Two recent articles in the business press underscore the importance of unearthing and challenging the assumptions which are shoring up your inferences. They also provide fascinating insights more generally into organisational decision, a topic which always becomes more interesting when things go badly wrong.
The first, Potash: The deal that didn’t have to die appeared in the Canadian newspaper The Globe and Mail in the aftermath of the failed attempt by mining behemoth BHP Billiton to acquire Potash Corp. Potash Corp makes a lot of money digging up – you guessed it – potash in Sasketchewan and selling it around the world.

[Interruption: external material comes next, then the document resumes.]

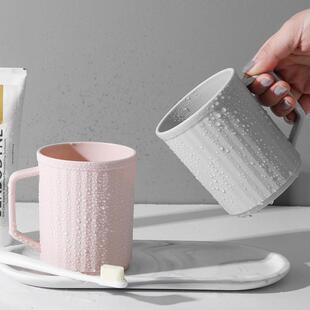 High-capacity, good-looking rinse cups for home bathroom use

Potash Corp is part of a cartel, the existence of which helps keep the Saskatchewan state coffers replenished.
As authors McNish, Bouw and Reguly state, in the lead-up to the bid,
[BHPB CEO] Mr. Kloppers had every reason to believe that the takeover odds were on his side. Potash prices were still climbing out of the cyclical basement, and few other companies in the world could match BHP’s financial heft to top the bid. A government-backed company from China probably could, but no Chinese entity has ever tried to make such a large acquisition in a developed, democratic country. Even better, the widely held Saskatchewan company had no blocking shareholders. The Canadian government had never rejected a foreign takeover of a major resource company, and just three years ago allowed Rio Tinto PLC to take over Alcan Inc. of Montreal in a deal of similar size.
Focusing on one aspect of this, it appears that BHPB were reasoning that if the Canadian government had never rejected a foreign takeover of a major resource company, then they’d be unlikely to disapprove the takeover by BHPB of Potash Corp. Which seems a perfectly reasonable argument.
Of course there is an unstated premise in this argument, viz., that Potash Corp is a major resource company. This seems so obvious that it is hardly worth mentioning – and ipso facto hardly worth challenging. But often the critical weakness in a case can be disguised as a truism even after we take away the cloak of invisibility. Sometimes the highest level of critical scrutiny is not challenging the dubious but daring to question the obvious.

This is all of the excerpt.